From home addresses and contact information, to mortgage ownership and financial histories, to very specific analysis of purchasing behavior, the exposed data constitutes a remarkably invasive glimpse into the lives of American consumers. While, in the words of Experian, “protecting consumers is our top priority,” the accumulation of this data in “compliance with legal guidelines,” only to then see it left downloadable on the public internet, exposes affected consumers to large-scale misuse of their information - whether through spamming and unwanted direct marketing, organized fraud techniques like “phantom debt collection,” or through the use of personal details for identity theft and security verification.

While many consumers will likely be troubled by the ability of private corporations to legally collect and sell this data, ranging from publicly available information to sensitive financial details, this exposure highlights a number of growing forms of cyber risk with systemic implications. The continuing concentration of data by a number of large enterprises, now wielding powerful technology of the sort provided by Alteryx, has not been accompanied by greater prudence and process improvement necessary to ensure that the data will remain securely stored. The result has been, in the same way warming waters increase the power of hurricanes, that data exposures such as this are capable of exposing the vast majority of American households to compromise with one error.

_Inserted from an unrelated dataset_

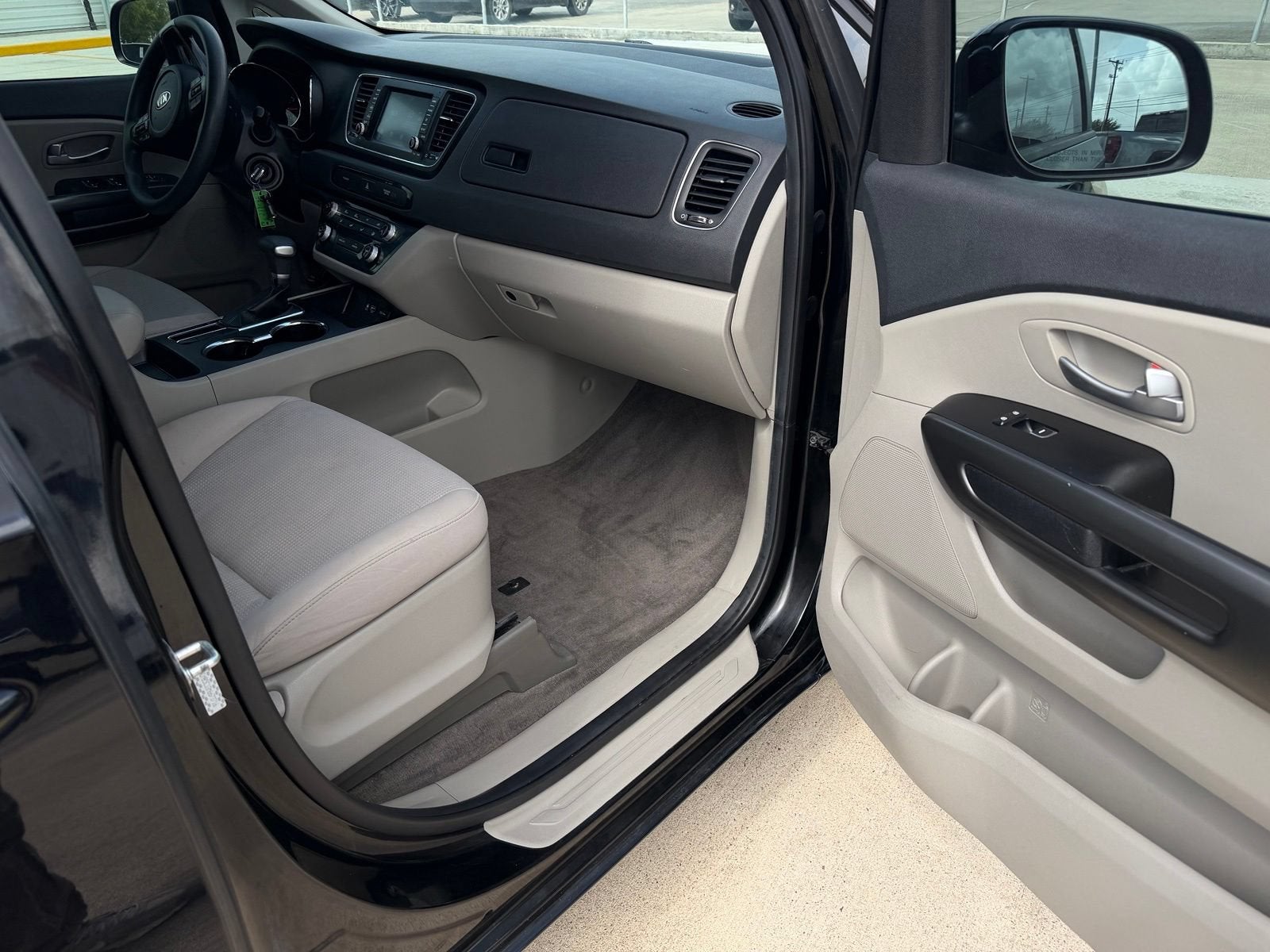 2021 Kia Sedona LX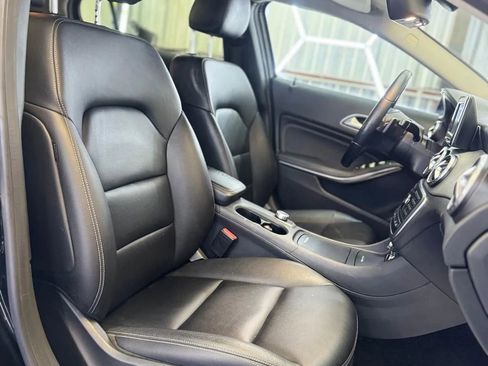 Used 2015 Mercedes-Benz GLA 250 4MATIC image 37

Finally, this incident reveals just how thoroughly third-party vendor risk is corroding the integrity of any public and private functions relying upon information technology. The exposure of massive amounts of data about many millions of American households gathered by a credit reporting agency reveals how the consequences of cyber insecurity can, in an increasingly interdependent technological environment, quickly afflict partners and expose their data as well.

The Discovery

On October 6, 2017, UpGuard Director of Cyber Risk Research Chris Vickery discovered an Amazon Web Services S3 Cloud storage bucket located at the subdomain “alteryxdownload” containing sensitive consumer information. While the default security setting for S3 buckets would allow only specifically authorized users to access the contents, this bucket was configured via permission settings to allow any AWS “Authenticated Users” to download its stored data. In practical terms, an AWS “authenticated user” is “any user that has an Amazon AWS account,” a base that already numbers over a million users; registration for such an account is free. Simply put, one dummy sign-up for an AWS account, using a freshly created email address, is all that was necessary to gain access to this bucket’s contents.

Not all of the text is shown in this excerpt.